[[ COLLECTED MATERIAL, beginning ]]

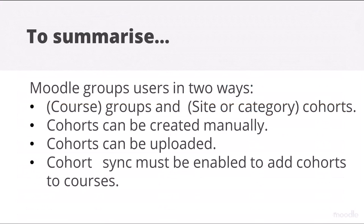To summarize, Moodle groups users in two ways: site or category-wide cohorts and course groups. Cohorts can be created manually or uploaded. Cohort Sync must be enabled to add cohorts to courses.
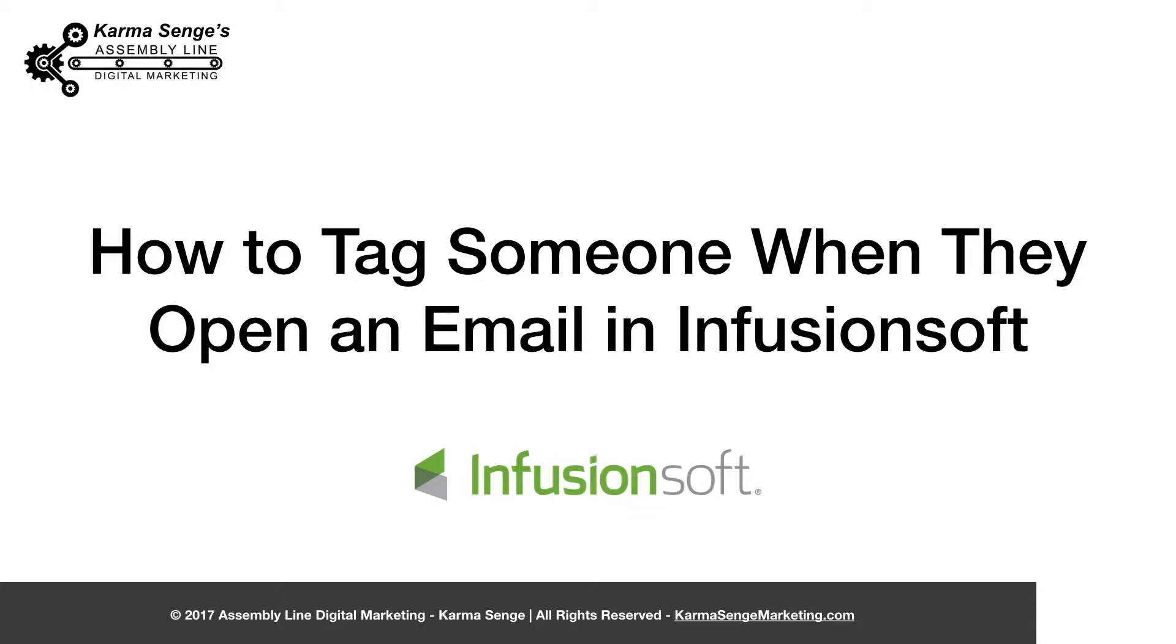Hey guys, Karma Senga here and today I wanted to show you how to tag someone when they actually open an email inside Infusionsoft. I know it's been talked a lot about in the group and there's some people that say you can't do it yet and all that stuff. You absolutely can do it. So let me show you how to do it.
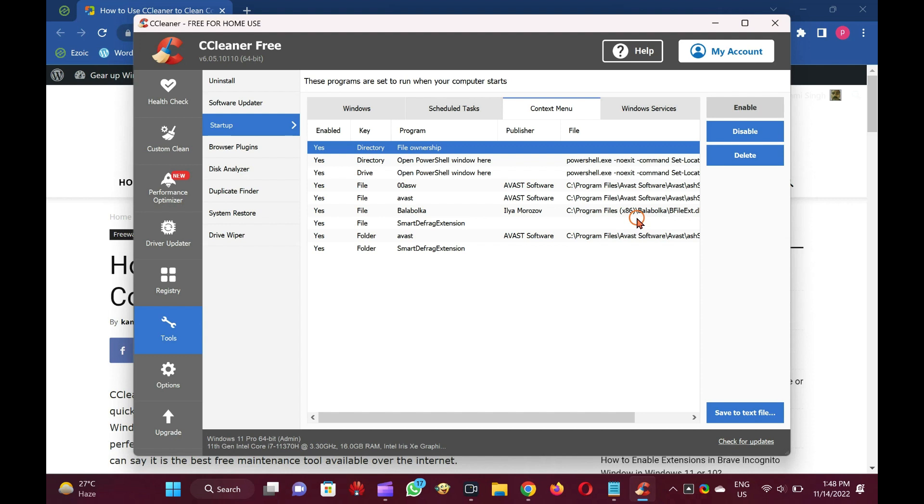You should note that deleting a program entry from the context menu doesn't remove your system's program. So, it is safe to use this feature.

[[ COLLECTED MATERIAL, end ]]

__INSTRUCTIONS TO FOLLOW__. The expected output is the exact run of lines from the one containing "Hey guys, Karma" through the final line of the data above, both ends included, with no pictures.

__RESPONSE FOR THIS EXERCISE__.
Hey guys, Karma Senga here and today I wanted to show you how to tag someone when they actually open an email inside Infusionsoft. I know it's been talked a lot about in the group and there's some people that say you can't do it yet and all that stuff. You absolutely can do it. So let me show you how to do it.
You should note that deleting a program entry from the context menu doesn't remove your system's program. So, it is safe to use this feature.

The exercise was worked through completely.